Division of Metabolism, Endocrinology, and Diabetes (E.C.V., H.M., R.L.L., K.K., R.I.-T., J.C.J., D.C.F., M.G.M.), Department of Internal Medicine, and Departments of Molecular and Integrative Physiology (E.C.V., R.L.L., M.G.M.) and Cell and Developmental Biology (D.C.F.), University of Michigan, Ann Arbor, Michigan 48109; Department of Psychiatry (D.C., R.J.S.), Genome Research Institute, University of Cincinnati, Cincinnati, Ohio 45237; and Institut National de la Santé et de la Recherche Médicale Unité 862 (D.C.), NuroCentre Magendie, 33077 Bordeaux, France

Address all correspondence and requests for reprints to: Martin G. Myers, Jr., M.D., Ph.D., Division of Metabolism, Endocrinology, and Diabetes, Department of Medicine, University of Michigan, 5560 MSRB II/0678, 1150 West Medical Center Drive, Ann Arbor, Michigan 48109. E-mail: mgmyers{at}umich.edu.; or Heike Muenzberg, Ph.D., Pennington Biomedical Research Center, Louisiana State University System, 6400 Perkins Road, Baton Rouge, Louisiana 70808. E-mail: heike.munzberg{at}pbrc.edu.

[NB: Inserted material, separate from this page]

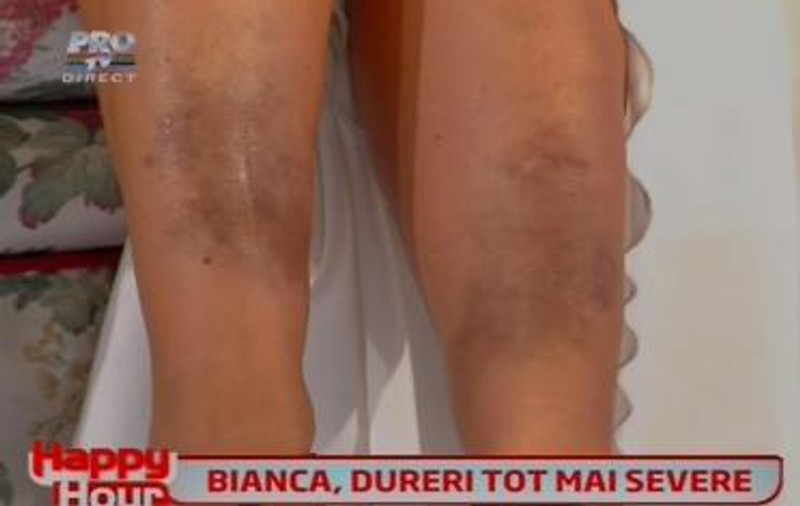 FOTO ȘOC! Bianca are PICIOARELE PRAF din cauza BĂTĂILOR de la fostul iubit! Uite URMELE LOVITURILOR și cum se chinuie ROȘCATA să fie un om normal!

The medial basal hypothalamus, including the arcuate nucleus (ARC) and the ventromedial hypothalamic nucleus (VMH), integrates signals of energy status to modulate metabolism and energy balance. Leptin and feeding regulate the mammalian target of rapamycin complex 1 (mTORC1) in the hypothalamus, and hypothalamic mTORC1 contributes to the control of feeding and energy balance. To determine the mechanisms by which leptin modulates mTORC1 in specific hypothalamic neurons, we immunohistochemically assessed the mTORC1-dependent phosphorylation of ribosomal protein S6 (pS6). In addition to confirming the modulation of ARC mTORC1 activity by acute leptin treatment, this analysis revealed the robust activation of mTORC1-dependent ARC pS6 in response to fasting and leptin deficiency in leptin receptor-expressing Agouti-related protein neurons. In contrast, fasting and leptin deficiency suppress VMH mTORC1 signaling. The appropriate regulation of ARC mTORC1 by mutant leptin receptor isoforms correlated with their ability to suppress the activity of Agouti-related protein neurons, suggesting the potential stimulation of mTORC1 by the neuronal activity. Indeed, fasting- and leptin deficiency-induced pS6-immunoreactivity (IR) extensively colocalized with c-Fos-IR in ARC and VMH neurons. Furthermore, ghrelin, which activates orexigenic ARC neurons, increased ARC mTORC1 activity and induced colocalized pS6- and c-Fos-IR. Thus, neuronal activity promotes mTORC1/pS6 in response to signals of energy deficit. In contrast, insulin, which activates mTORC1 via the phosphatidylinositol 3-kinase pathway, increased ARC and VMH pS6-IR in the absence of neuronal activation. The regulation of mTORC1 in the basomedial hypothalamus thus varies by cell and stimulus type, as opposed to responding in a uniform manner to nutritional and hormonal perturbations.